**Task to complete:** Give back the exact lines of the material below from the one containing "This Destiny Ship’s" through the one containing "2025 BMW 7 серии с пробегом 12 458 км", and no pictures.

**Entries provided:**

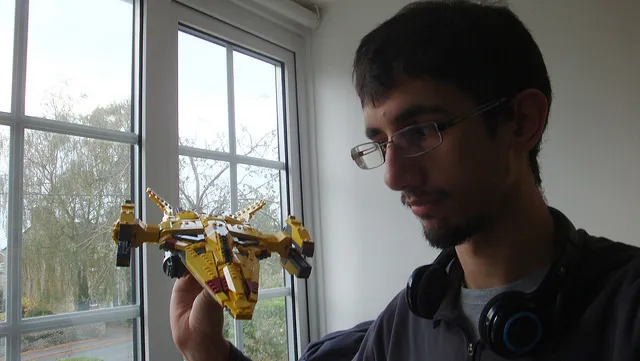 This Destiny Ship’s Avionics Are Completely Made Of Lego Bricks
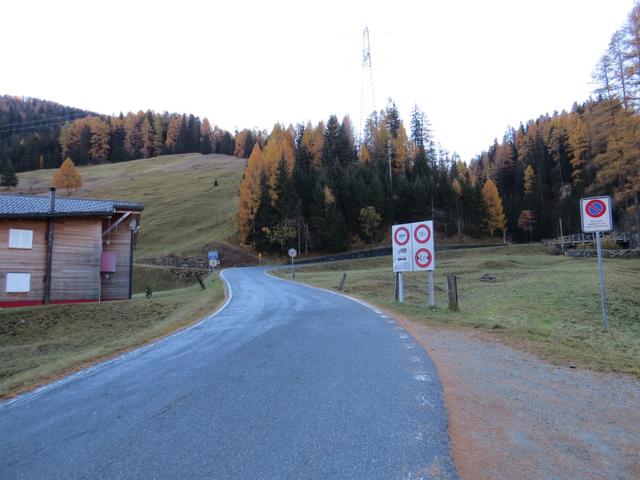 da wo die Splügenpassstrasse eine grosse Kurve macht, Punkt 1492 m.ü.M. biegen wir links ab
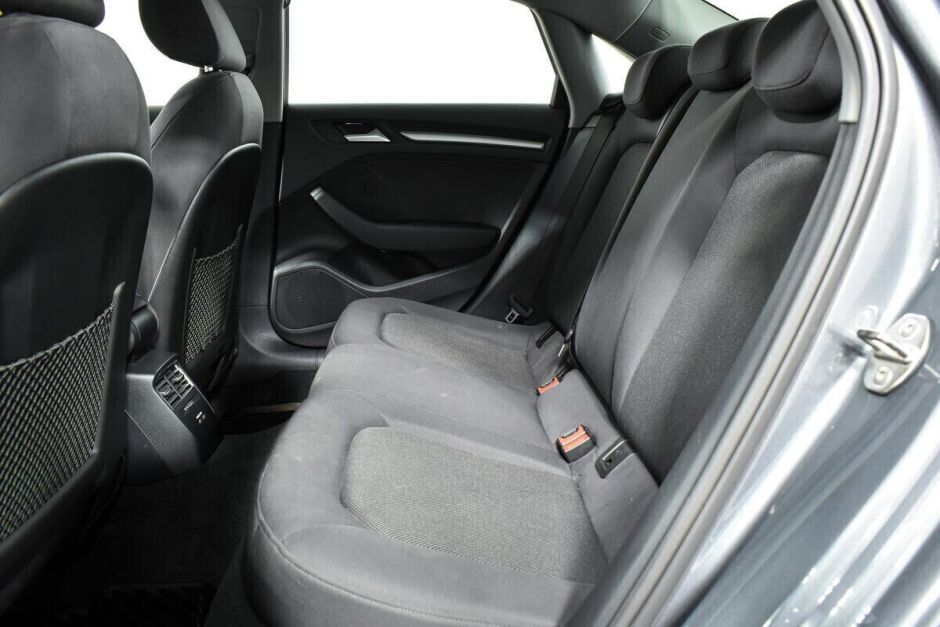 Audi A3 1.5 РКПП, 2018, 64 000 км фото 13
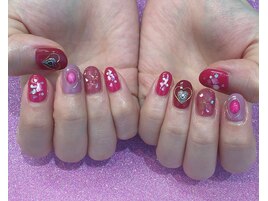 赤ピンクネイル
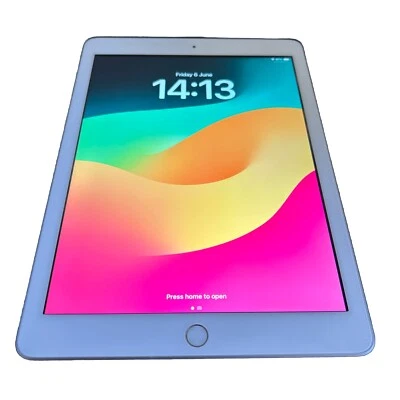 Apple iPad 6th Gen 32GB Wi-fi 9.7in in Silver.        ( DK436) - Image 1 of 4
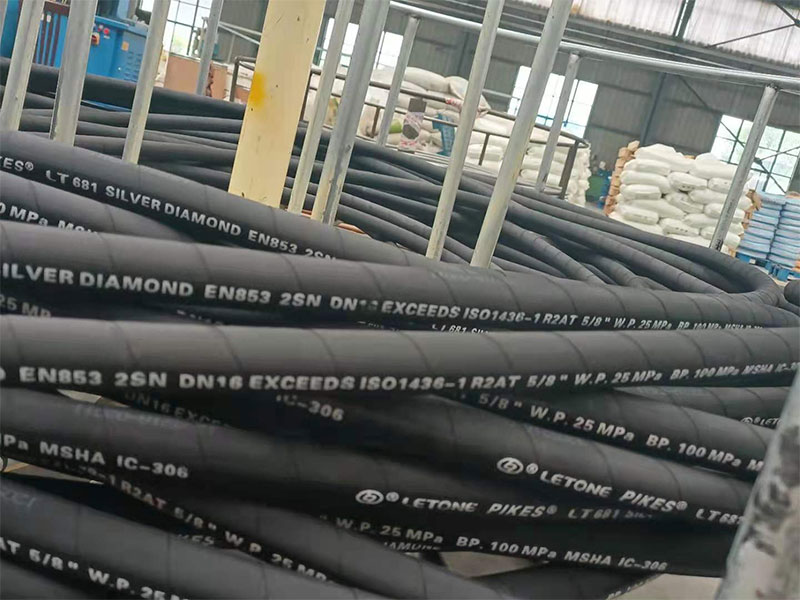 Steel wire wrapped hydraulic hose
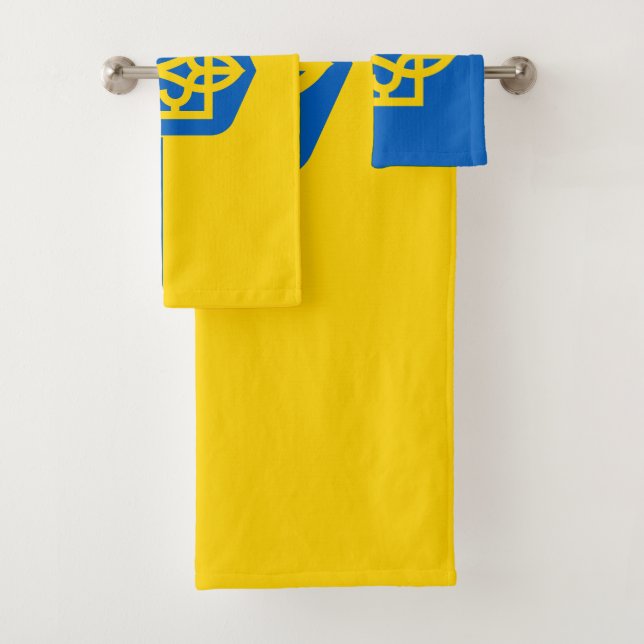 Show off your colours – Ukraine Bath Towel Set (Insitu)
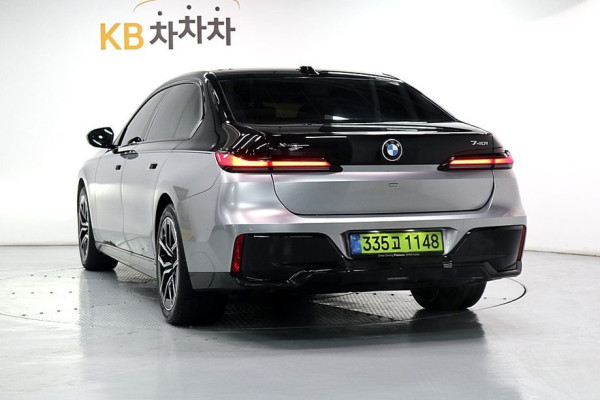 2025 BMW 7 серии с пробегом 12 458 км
...
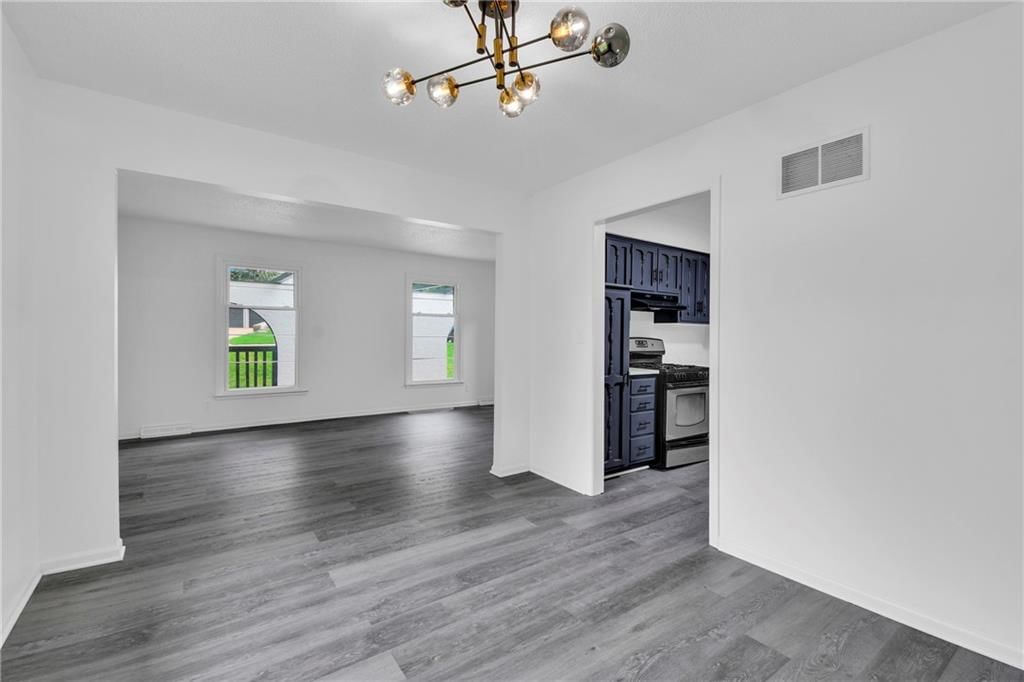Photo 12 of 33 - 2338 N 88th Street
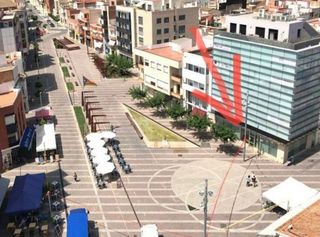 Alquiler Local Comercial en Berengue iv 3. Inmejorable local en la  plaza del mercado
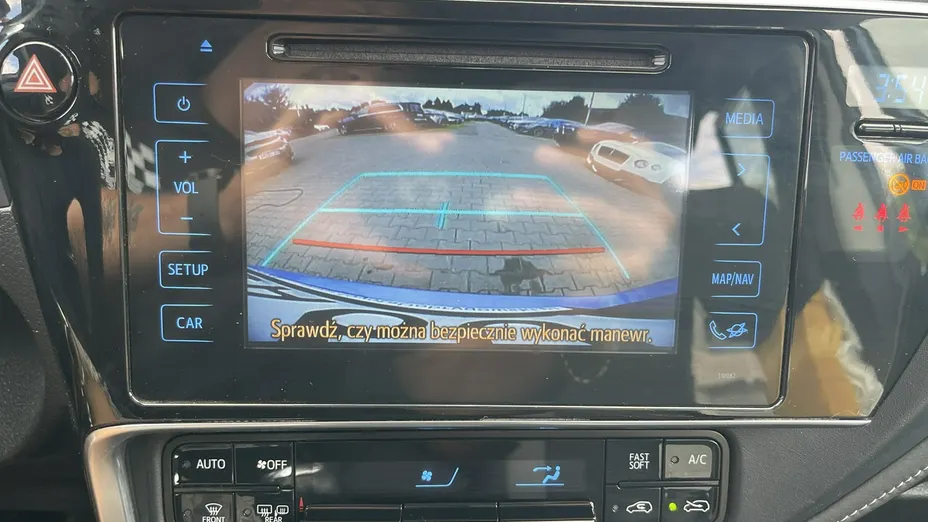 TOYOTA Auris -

**Problem solution:**
 This Destiny Ship’s Avionics Are Completely Made Of Lego Bricks
 da wo die Splügenpassstrasse eine grosse Kurve macht, Punkt 1492 m.ü.M. biegen wir links ab
 Audi A3 1.5 РКПП, 2018, 64 000 км фото 13
 赤ピンクネイル
 Apple iPad 6th Gen 32GB Wi-fi 9.7in in Silver.        ( DK436) - Image 1 of 4
 Steel wire wrapped hydraulic hose
 Show off your colours – Ukraine Bath Towel Set (Insitu)
 2025 BMW 7 серии с пробегом 12 458 км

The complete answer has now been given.